I like that. In my home country, the owners would be nervously concerned about what signals they would be sending out if their signs weren't new and pretty. There's an apparent lack of caring about appearances that you often come across outside the major shopping areas that I find refreshing.




This goes for information signs too. I don't know how many rusted or weather-bleached signs I've seen on the streets here. In Sweden they would have been thrown away ages ago, but here they still serve their function. One unit of sign is still one unit of sign, even after wear and tear has made it barely legible anymore, it seems.




I could go on and on, but I need to wrap this up. However, I can't finish without a quick mention of food. When I came to Japan my favorite Japanese food was sushi, but then I really couldn't get much else back in Sweden. Then it was katsudon for a while, but since my time in Sapporo there's one type of food that always fills me with a warm ball of happiness, and this passion has only increased during my semester in Kansai. I am talking of course about ...

2 comments:

  1. I feel like I should buy you a new pair of shoes, but am relieved that you would consider a nice bowl of ramen instead...

    Your blog has been consistently excellent in terms of originality, creativity, quality photos that do more than merely illustrate, methods, research... you have done what I hoped students would do with this blog assignment. Not many have reached my expectations. So many thanks and I hope you continue with your quality visual anthropology. You make me want to learn Swedish if only to be able to understand the translated romance novels. In the meantime I hope future visual anthro students will view your blog as a model.

    ReplyDelete
  2. Well, thank you gonthros-sensei for those very kind words. I'm glad my work was appreciated. Although I sometimes had a hard time getting started on the assignments, they always presented an interesting challenge.

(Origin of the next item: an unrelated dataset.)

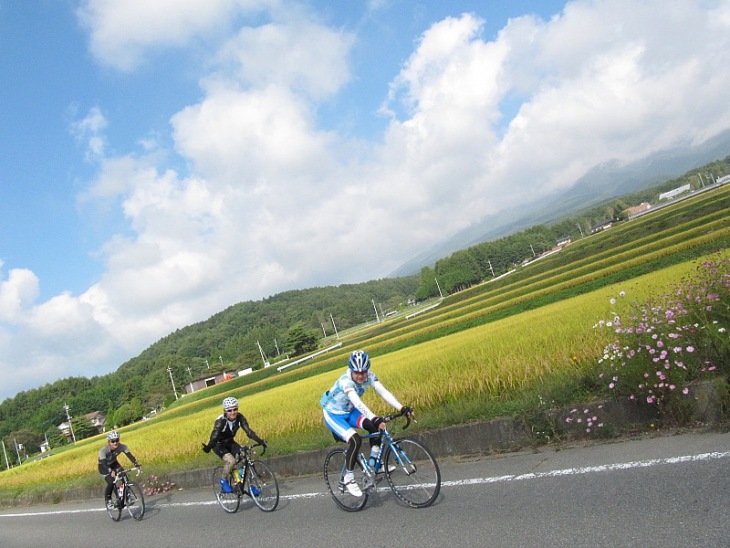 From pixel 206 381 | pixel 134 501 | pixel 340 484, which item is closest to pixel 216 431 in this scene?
pixel 340 484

    And let me say in return that I am very happy about what this class has done for me. I have always collected a lot of photographs and impressions during my travels, but I've never really sat down and done anything with them before. Visual Anthropology of Japan helped me break through that wall. Hopefully I can continue doing this in some form in future.

    But as for the romance novels - I wouldn't do that to you, having you read them. It's bad enough that I have to do it. Might make an interesting project though. They have them in Japanese too, you know. You can find them in Kinokuniya. What about a cross-reading - English, Swedish, Japanese? To see how original and translations from different cultures differ from each other? I'll have to get back to that.